Rand is correct that, if you just make more able people work harder, then you are punishing ability. That is not what this should mean. Ability should not be punished, but rewarded. That is the key. And - to an extent - that reward needs to be financial.

"To each according to their need" - this is also a good principle, sort of. I would alter this, that to each is partly according to what they give, to their ability, to what they are able to achieve. This means that people should receive according to what they contribute, as a starting point, meaning that nurses and teachers would be paid reasonably, but people who simply juggle money would be paid less. And I would probably be paid less than I am, which is life.

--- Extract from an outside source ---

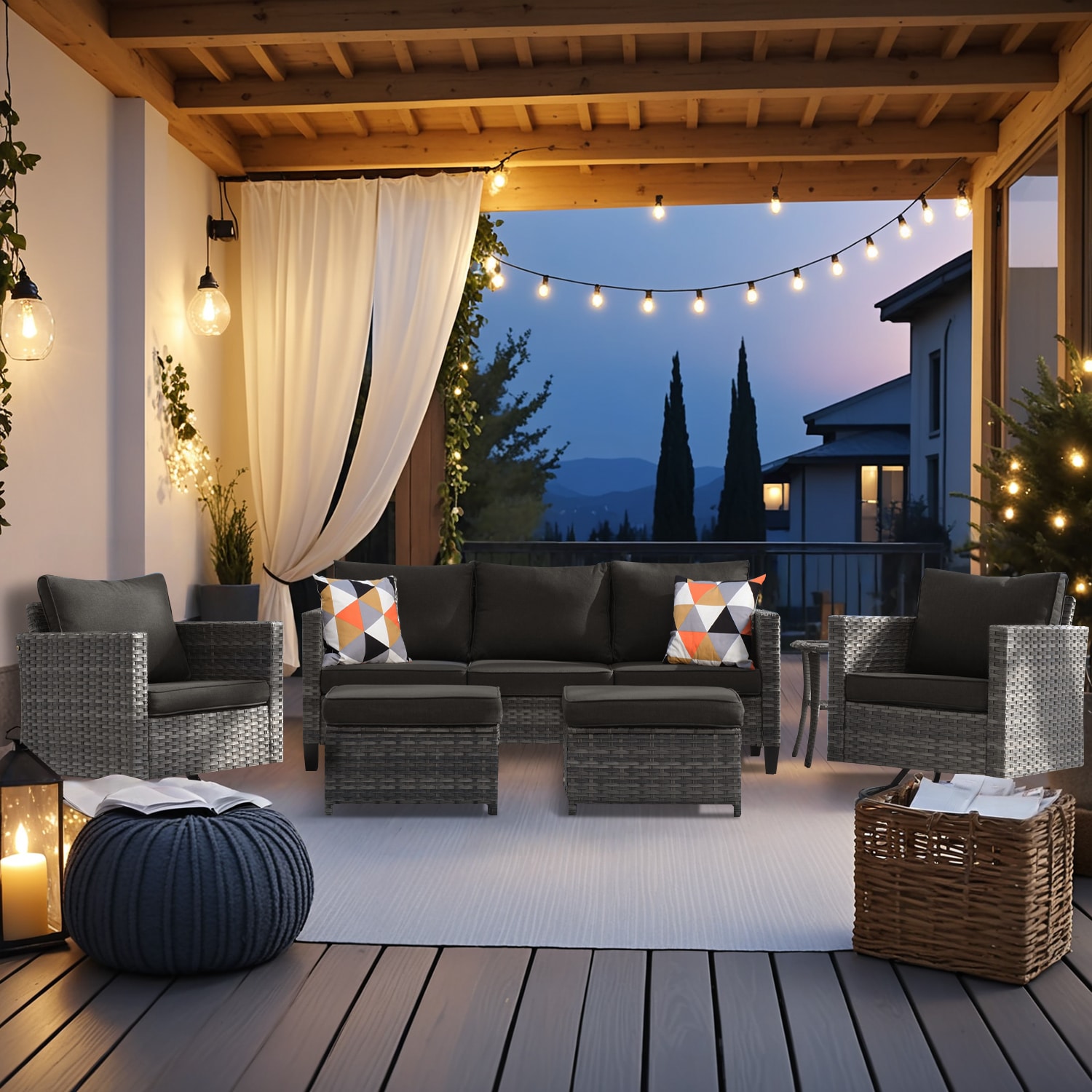 XIZZI XSQRC1163 Lullaby 6 -Piece Rattan Patio Sofa Conversation Set with Black Cushions
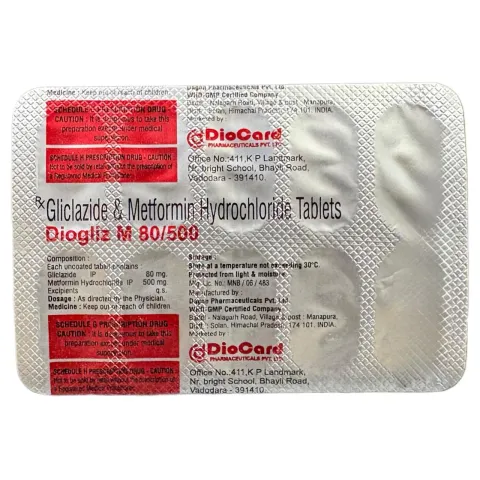 Diogliz M 80/500 Tablet product image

But additionally, people should be able to have their basic needs met, which is what this is really about. It is not, as Rand suggested, about providing for peoples wants, or for what they can argue that they "need". It is about providing some basic needs - somewhere to live, something to eat and drink. We would probably include health care too. The important thing is that this is NEEDS, not WANTS. So much of our system is about providing something more than basic needs, which is not a bad thing in itself, but that is something over and above basic requirements.

This basic should be somewhere to live, not necessarily in the places they want or as large as they may desire, enough food for their family to live on properly, and a little spare money. And, of course, it must be worth while to get a job, and work needs to be taken into account. We far too often confuse needs and wants - it is not unreasonable to provide for peoples wants too, but we shouldn't confuse needs and wants.

The principle "from each ... to each ..." is actually not a bad one, as long as it is properly understood. The danger of Rands approach is that it fails to do what it claims, because people are not altruistic by their nature, and it depends on them being so. If they are not, but are greedy, then it will fail. As we are seeing.

If you don't believe that it fails, then watch the Leverson enquiry. That should convince you if nothing else does.